◆ Listed records
━━━━━━━━━━━━━━━━━━━━

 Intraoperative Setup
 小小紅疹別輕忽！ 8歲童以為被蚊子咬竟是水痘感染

━━━━━━━━━━━━━━━━━━━━

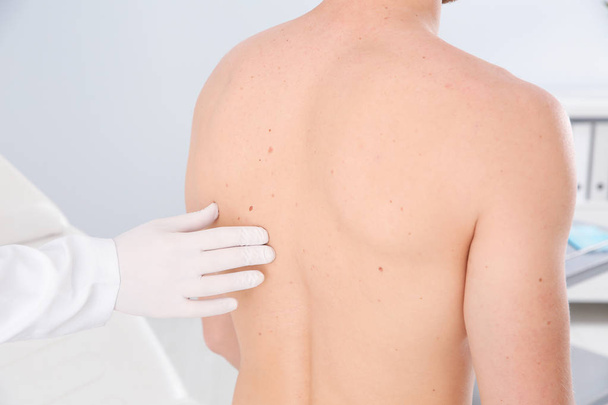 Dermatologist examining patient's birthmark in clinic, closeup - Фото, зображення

━━━━━━━━━━━━━━━━━━━━

◆ About this task
For this exercise, please output exactly the lines above starting at the line with "Intraoperative Setup" and ending at the line with "小小紅疹別輕忽！ 8歲童以為被蚊子咬竟是水痘感染", ends included.

◆ Task answer
 Intraoperative Setup
 小小紅疹別輕忽！ 8歲童以為被蚊子咬竟是水痘感染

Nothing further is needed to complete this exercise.